第一百一十七章天祭使徒破月

  “老爷,你知道的,小枣子和妾身——”因为一个不能在众人面前说出来的理由,赫连彦月止住欲出的后半句,“妾身真的感觉到了,小枣子,我的儿,他死了!”
  水木延的脑中忽然一片空白,赫连彦月从他僵着的手心里挣开双手,掩面垂泪。
  耳边一直传来赫连彦月隐忍的哭泣声,水木延感觉,就像有人手拿老刀来回划动他的心脏,刀锋糙钝,只得不断拉割着他的心脏厚壁,方能将心脏切下一角,切心的疼传达到全身每一处神经。
  赫连彦月的话虽未说完,可水木延已经明白了……
  曾经为救命不久矣的儿子,水木延逼不得已,只有将人祭权杖上的祭司水晶放入水木磊的体内,才能死人骨化活人肉,只有借助祭司水晶,他同彦月唯一的儿子才能继续活下去。
  但因为水木磊当时年纪太小,身体状况极差,祭司水晶不能直接融入他的体内,强大的力量很可能会适得其反,必须需要由血亲先将祭司水晶放入自己体内以血供养一周,水晶淬了血,才可以再放入水木磊体内养命。
  当时以自身血液供养祭司水晶一周的人,正是赫连彦月。
  自那以后,赫连彦月便与自己的儿子水木磊产生了生死感应,生时有险,死时无命。
  也许是因为祭司水晶淬了赫连彦月血的缘故,使得她一直能感应到自己孩子的生命气息,具体感应,说不清楚。
  也正是因为不确定的感应,或许存着希望,水木延这样想着,不愿去相信,“山林别院任何人都不可能轻易突破,”
  赫连彦月垂放下一只手,掩面一半,声音抽泣,“是您也说了,是不容易突破,但绝不是没有办法突破。”
  “他,血瞳,”赫连彦月忽然起脚站起,掩面的左手缓缓擦着面庞收成拳头,右手高抬直指黑衣人血瞳,语调高扬,“您不是和他一起设计的山林别院吗?”
  水木延跟着起身,走到赫连彦月的指向位置,身子正面迎对血瞳,额骨错动,“是不是你?!”
  原来是两人的孩子死了,瞧着水木延的表情,是有多痛心才会将自己的手心都攥出了血。

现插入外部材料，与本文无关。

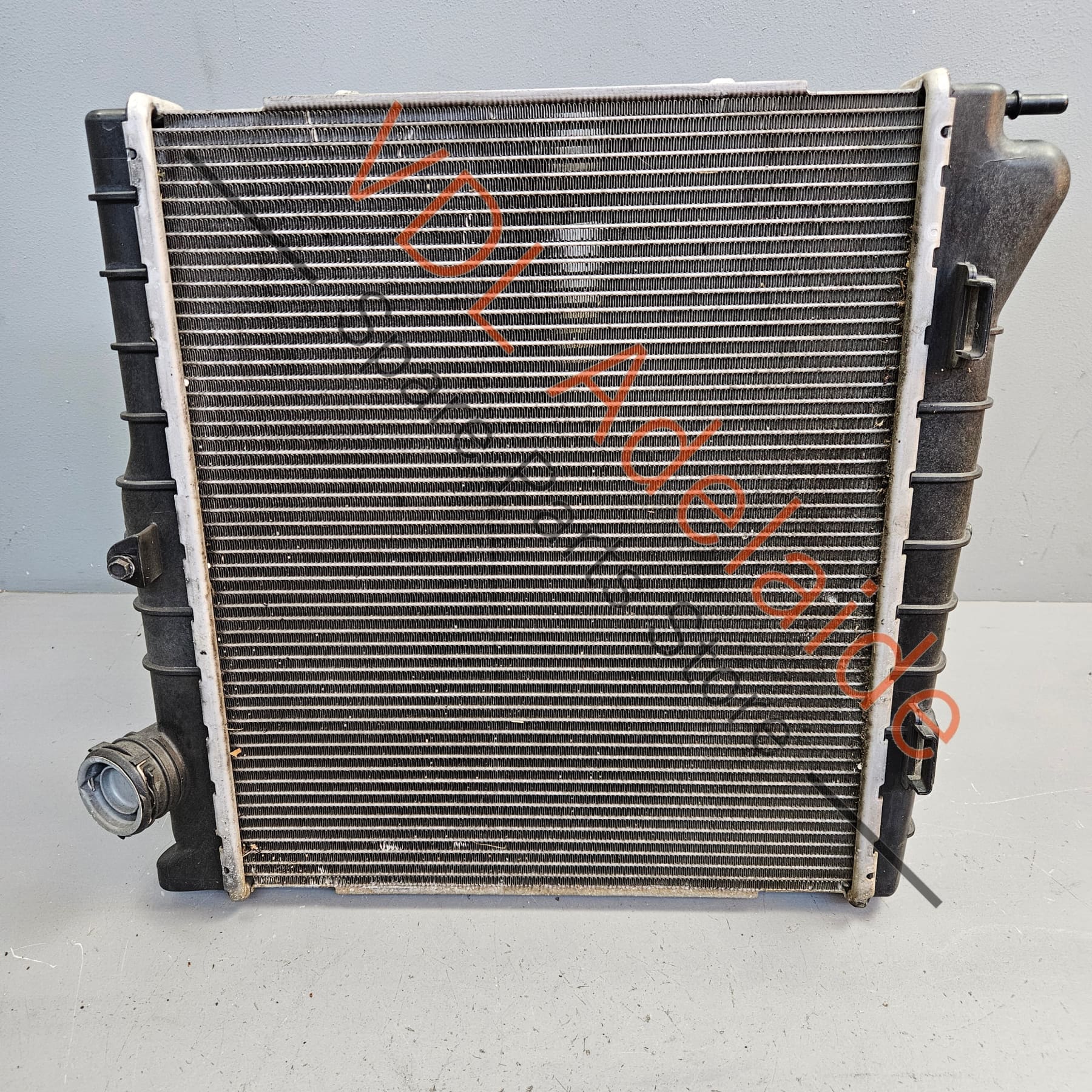 99110613103    Porsche 911 991 Radiator Left Side 99110613103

失子之痛,比起剜肉削骨,可是还要痛上万分?
  然而,对你二人的折磨才刚开始,血瞳抬起的眼里闪过冷嘲,既然那人已经得手了,自己更要抓紧时间。
  裹着粘腻血浆的指骨在水木延的心口处画出一只鹤头,鹤顶红由指尖稠血染上,至毒至红,毒药无解。血瞳缓缓摘下头顶的帽子,
  “水木大人,除了小人,谁还能轻易破解得了您山林别院的重重机关?”
  “别院造,故人设!”血瞳摘下黑帽后露出的全部面容,鼻梁似乎是被人切了一半,没有鼻头,短小残疾的鼻梁骨斜拉紧贴着骨根,脸上暴露出的皮肤没有一处是完好的。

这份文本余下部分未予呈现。